Exercise description - Give back the entries verbatim.

Collection entries:
------------------------------------------------------------

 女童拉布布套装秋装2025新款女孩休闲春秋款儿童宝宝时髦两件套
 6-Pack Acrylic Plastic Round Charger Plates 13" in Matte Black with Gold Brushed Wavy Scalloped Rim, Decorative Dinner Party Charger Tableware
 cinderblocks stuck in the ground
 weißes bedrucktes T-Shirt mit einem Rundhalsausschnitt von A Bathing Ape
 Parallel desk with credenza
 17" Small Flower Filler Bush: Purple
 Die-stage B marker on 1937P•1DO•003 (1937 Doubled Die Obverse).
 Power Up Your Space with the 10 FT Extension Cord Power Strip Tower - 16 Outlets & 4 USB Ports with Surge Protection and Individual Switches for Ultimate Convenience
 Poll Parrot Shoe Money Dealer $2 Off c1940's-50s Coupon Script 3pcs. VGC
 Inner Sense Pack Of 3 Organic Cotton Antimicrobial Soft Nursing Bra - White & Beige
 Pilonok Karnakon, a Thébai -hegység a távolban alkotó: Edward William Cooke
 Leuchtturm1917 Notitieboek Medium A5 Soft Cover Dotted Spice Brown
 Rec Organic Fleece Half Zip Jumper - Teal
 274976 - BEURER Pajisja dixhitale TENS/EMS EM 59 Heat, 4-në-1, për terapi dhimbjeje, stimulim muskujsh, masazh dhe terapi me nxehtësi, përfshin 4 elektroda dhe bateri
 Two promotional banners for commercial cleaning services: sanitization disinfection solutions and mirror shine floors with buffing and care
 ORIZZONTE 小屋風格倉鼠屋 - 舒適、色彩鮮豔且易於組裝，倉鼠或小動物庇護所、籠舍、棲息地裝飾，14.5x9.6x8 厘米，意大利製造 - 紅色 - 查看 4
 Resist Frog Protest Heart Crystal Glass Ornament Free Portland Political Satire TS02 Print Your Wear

------------------------------------------------------------

Answer to this task -
 女童拉布布套装秋装2025新款女孩休闲春秋款儿童宝宝时髦两件套
 6-Pack Acrylic Plastic Round Charger Plates 13" in Matte Black with Gold Brushed Wavy Scalloped Rim, Decorative Dinner Party Charger Tableware
 cinderblocks stuck in the ground
 weißes bedrucktes T-Shirt mit einem Rundhalsausschnitt von A Bathing Ape
 Parallel desk with credenza
 17" Small Flower Filler Bush: Purple
 Die-stage B marker on 1937P•1DO•003 (1937 Doubled Die Obverse).
 Power Up Your Space with the 10 FT Extension Cord Power Strip Tower - 16 Outlets & 4 USB Ports with Surge Protection and Individual Switches for Ultimate Convenience
 Poll Parrot Shoe Money Dealer $2 Off c1940's-50s Coupon Script 3pcs. VGC
 Inner Sense Pack Of 3 Organic Cotton Antimicrobial Soft Nursing Bra - White & Beige
 Pilonok Karnakon, a Thébai -hegység a távolban alkotó: Edward William Cooke
 Leuchtturm1917 Notitieboek Medium A5 Soft Cover Dotted Spice Brown
 Rec Organic Fleece Half Zip Jumper - Teal
 274976 - BEURER Pajisja dixhitale TENS/EMS EM 59 Heat, 4-në-1, për terapi dhimbjeje, stimulim muskujsh, masazh dhe terapi me nxehtësi, përfshin 4 elektroda dhe bateri
 Two promotional banners for commercial cleaning services: sanitization disinfection solutions and mirror shine floors with buffing and care
 ORIZZONTE 小屋風格倉鼠屋 - 舒適、色彩鮮豔且易於組裝，倉鼠或小動物庇護所、籠舍、棲息地裝飾，14.5x9.6x8 厘米，意大利製造 - 紅色 - 查看 4
 Resist Frog Protest Heart Crystal Glass Ornament Free Portland Political Satire TS02 Print Your Wear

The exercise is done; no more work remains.